REITS

REITS

A REIT is a company that owns and operates income-producing real estate or other related assets. Examples include shopping malls, apartment complexes, data centers, healthcare facilities, hotels, infrastructure (fiber cables, cell towers, and energy pipelines), office buildings, retail centers, timberland resorts, self-storage facilities, warehouses, and mortgages and loans. There are currently over 225 publicly-traded REITs in the U.S. Unlike other real estate companies, a REIT company does not develop properties to resell them. Instead, the REIT buys and develops properties mainly to operate them as part of its own investment portfolio.

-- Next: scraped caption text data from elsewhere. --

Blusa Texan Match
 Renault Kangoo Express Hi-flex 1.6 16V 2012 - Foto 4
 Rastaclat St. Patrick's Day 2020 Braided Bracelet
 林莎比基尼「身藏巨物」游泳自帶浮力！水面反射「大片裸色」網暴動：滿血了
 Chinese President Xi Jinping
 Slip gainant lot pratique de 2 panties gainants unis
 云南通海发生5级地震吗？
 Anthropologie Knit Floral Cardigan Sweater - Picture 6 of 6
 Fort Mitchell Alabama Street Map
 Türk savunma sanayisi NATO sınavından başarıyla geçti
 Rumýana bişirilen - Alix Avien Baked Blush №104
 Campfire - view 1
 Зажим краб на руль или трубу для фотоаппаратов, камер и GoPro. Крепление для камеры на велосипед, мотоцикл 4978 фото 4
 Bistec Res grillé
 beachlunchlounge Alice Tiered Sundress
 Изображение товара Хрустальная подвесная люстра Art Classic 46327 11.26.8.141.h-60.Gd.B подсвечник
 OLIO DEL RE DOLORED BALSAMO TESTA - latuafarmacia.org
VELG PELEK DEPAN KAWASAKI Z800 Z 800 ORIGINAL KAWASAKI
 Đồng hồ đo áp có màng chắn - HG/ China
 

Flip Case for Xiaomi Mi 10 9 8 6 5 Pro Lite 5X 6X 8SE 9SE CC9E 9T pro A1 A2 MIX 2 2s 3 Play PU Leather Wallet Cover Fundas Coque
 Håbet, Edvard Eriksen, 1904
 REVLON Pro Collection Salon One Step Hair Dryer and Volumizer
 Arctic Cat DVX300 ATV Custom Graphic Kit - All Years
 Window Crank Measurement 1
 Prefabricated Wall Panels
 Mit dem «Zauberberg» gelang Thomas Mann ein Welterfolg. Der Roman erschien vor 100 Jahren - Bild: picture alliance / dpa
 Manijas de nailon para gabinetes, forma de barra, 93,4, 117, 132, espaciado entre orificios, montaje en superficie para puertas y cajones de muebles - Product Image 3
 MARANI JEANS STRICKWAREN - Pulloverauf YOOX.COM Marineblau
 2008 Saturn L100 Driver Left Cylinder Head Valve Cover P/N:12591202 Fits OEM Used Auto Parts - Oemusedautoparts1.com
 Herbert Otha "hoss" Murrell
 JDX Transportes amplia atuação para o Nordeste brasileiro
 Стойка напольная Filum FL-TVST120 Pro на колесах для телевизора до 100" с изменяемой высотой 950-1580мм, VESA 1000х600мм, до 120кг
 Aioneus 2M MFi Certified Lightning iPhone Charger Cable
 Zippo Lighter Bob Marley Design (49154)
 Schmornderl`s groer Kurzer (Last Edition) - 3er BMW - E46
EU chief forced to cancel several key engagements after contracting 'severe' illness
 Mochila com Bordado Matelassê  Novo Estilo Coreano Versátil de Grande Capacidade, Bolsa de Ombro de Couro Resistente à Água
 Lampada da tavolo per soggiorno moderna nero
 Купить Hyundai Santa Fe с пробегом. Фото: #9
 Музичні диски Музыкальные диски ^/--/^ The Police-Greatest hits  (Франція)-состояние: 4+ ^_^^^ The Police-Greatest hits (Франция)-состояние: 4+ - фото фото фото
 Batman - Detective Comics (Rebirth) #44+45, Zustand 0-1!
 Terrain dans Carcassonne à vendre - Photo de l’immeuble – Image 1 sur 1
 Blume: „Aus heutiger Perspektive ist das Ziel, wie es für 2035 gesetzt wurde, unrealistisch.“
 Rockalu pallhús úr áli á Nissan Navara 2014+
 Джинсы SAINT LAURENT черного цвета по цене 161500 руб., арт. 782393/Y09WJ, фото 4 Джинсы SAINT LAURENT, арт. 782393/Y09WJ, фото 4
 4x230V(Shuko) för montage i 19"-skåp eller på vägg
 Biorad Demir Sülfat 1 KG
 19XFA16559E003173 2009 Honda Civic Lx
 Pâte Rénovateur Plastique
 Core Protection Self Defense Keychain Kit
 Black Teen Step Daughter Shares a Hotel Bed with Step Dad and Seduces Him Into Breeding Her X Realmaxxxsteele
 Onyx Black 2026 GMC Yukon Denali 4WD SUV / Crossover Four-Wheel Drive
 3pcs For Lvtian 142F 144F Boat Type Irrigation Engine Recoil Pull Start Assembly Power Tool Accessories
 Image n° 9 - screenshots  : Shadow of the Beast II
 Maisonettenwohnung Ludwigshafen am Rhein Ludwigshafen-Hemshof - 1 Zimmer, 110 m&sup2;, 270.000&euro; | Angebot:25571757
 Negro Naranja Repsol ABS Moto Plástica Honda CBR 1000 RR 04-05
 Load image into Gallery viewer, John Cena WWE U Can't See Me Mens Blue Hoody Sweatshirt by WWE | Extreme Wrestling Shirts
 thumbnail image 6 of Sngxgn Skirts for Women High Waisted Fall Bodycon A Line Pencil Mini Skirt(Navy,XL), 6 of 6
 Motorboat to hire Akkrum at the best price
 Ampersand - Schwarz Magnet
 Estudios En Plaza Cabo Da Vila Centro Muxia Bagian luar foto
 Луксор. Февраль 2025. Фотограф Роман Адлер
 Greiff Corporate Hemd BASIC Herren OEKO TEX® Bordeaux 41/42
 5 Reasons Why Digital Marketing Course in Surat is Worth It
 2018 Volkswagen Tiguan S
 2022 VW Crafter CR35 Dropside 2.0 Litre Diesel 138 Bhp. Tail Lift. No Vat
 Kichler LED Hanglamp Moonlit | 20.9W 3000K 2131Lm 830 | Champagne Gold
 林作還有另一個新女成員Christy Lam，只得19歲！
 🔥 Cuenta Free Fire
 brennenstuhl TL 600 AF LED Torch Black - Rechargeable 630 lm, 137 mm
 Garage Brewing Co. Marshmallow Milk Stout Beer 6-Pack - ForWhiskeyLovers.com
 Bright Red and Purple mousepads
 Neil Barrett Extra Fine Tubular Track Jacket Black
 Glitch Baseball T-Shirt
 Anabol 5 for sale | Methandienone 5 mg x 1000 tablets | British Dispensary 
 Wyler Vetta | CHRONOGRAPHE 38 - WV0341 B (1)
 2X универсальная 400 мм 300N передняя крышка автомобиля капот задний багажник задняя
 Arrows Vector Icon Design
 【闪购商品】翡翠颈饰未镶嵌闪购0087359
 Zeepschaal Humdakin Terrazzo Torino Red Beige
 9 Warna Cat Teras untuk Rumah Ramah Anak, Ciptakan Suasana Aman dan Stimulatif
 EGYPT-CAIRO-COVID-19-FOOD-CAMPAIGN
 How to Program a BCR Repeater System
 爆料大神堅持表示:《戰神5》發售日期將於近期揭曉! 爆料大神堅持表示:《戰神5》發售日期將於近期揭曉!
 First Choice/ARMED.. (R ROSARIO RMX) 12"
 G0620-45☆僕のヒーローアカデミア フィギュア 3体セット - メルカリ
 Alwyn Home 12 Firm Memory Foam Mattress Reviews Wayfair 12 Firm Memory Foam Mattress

REITS were established in 1960 by Congress as an amendment to the Cigar Excise Tax Extension. This provision allows investors to buy shares in commercial real estate portfolios. To invest in publicly traded REITs one would purchase shares through a broker. For non-traded REITs one would purchase shared through a broker or financial advisor who participates in the non-traded REIT offerings. Shares of publicly traded REITs are listed on the national securities exchange, where individual investors can easily buy and sell them. Public non-traded REITs do not trade on the national securities exchange and as a result are less liquid than their publicly traded counterparts.

There are three types of REITS; Equity, Mortgage and Hybrid. The first form is an Equity REIT. An Equity REIT owns and operates income-producing real state. Rent is the primary revenue source for Equity REITs. The second type of REIT is a Mortgage REIT. Mortgage REITs provide money to real estate owners and operators either through mortgages and loans or by way of acquisition of mortgage-backed securities. Revenue is made the spread between the interest they earn on mortgage loans and the cost of funding the loans. The last kind of REIT is a Hybrid REIT that owns properties and holds mortgages, combining the investment strategies of an equity and mortgage REIT.

The REIT market is widespread providing the everyday investor a means of participating in the real estate market without having to buy and manage property.